Séminaire Jalila Sbaï, co-animé parle professeur Henry Laurens et parrainé par la chaire d’histoire contemporaine du Monde arabe.
L’émergence dans le monde musulman au milieu des années 1970, de deux courants idéologiques semblables mais concurrentiels, dont l’ambition est l’unification du Dar al islam, l’un par l’islam chiite, prôné par l’imam Khomeiny, l’autre – en réaction et à la suite du succès de la révolution islamique iranienne – par l’islam sunnite des dirigeants politiques arabes. Ces deux courants, se présentent en et au-delà de leurs frontières religieuses naturelles, comme une solution politique permettant l’abolition de l’emprise occidentale – idéologique, politique, morale, économique, militaire – dans laquelle, la guerre froide que se livrent les États-Unis et l’URSS et l’échec du mouvement des non-alignés par définition laïque, ont placé les mondes musulmans. Les premières ré-islamisations-radicalisations constatées en France au début des années 1980, en tirent leur origine.

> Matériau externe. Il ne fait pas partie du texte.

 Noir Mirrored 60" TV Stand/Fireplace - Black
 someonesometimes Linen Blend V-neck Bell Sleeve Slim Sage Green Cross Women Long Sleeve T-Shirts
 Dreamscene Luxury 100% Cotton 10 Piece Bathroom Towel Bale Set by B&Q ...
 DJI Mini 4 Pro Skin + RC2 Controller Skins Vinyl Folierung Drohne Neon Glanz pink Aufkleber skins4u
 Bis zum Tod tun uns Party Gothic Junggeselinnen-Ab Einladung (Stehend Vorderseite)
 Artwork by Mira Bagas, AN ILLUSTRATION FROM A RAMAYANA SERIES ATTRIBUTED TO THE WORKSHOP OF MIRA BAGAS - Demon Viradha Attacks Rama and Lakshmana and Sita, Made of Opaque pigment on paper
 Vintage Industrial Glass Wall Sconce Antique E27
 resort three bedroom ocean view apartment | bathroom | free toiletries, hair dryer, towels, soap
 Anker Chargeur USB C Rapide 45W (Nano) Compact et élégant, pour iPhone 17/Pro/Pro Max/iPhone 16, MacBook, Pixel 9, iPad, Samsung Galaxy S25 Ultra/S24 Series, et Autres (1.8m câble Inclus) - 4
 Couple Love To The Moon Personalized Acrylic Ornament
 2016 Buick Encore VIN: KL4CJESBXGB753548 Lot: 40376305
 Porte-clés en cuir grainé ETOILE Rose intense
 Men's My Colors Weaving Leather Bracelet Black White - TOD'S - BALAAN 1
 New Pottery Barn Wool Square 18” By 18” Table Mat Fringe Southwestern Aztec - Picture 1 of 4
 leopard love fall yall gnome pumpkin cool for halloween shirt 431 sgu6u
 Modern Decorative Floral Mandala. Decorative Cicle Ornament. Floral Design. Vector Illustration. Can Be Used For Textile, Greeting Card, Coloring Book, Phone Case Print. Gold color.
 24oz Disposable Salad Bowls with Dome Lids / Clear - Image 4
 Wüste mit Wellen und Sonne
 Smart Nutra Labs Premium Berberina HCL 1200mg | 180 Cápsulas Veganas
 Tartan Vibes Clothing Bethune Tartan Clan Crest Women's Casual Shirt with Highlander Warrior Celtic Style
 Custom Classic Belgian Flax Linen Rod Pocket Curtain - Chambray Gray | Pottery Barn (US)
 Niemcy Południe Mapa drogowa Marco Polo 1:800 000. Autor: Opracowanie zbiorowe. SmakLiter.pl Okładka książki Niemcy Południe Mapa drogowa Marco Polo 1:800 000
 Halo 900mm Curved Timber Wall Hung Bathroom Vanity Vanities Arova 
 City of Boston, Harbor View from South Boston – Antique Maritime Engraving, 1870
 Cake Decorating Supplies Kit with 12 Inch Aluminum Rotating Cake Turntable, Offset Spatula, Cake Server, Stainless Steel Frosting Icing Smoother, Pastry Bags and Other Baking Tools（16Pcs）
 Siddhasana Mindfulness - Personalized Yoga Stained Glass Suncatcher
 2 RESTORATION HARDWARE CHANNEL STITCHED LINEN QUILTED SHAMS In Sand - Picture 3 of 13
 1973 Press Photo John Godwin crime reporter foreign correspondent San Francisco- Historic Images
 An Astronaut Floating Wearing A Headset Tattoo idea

La jeunesse, en particulier féminine, descendante de migrants algériens, est visée par des prédicateurs chiites mais d’origine arabe, notamment libanais. Pourtant, ce sont les mobilisations antiracistes et anti-maghrébines – Mouvements beur et touche pas à mon pote –, de la jeunesse issue des migrations nord-africaines qui attirent les politiques et les médias pendant cette décennie quatre-vingt. Cet intérêt s’est vite transformé en un intérêt pour la réorganisation de l’islam en France et la remise en honneur des pratiques de gestion de l’islam et des populations musulmanes en Algérie coloniale, dès le début de la guerre civile algérienne (1988) et la mobilisation en France, par l’armée algérienne, des jeunes franco-algériens en âge de combattre ou d’effectuer le service militaire, pour aller combattre en Algérie le FIS.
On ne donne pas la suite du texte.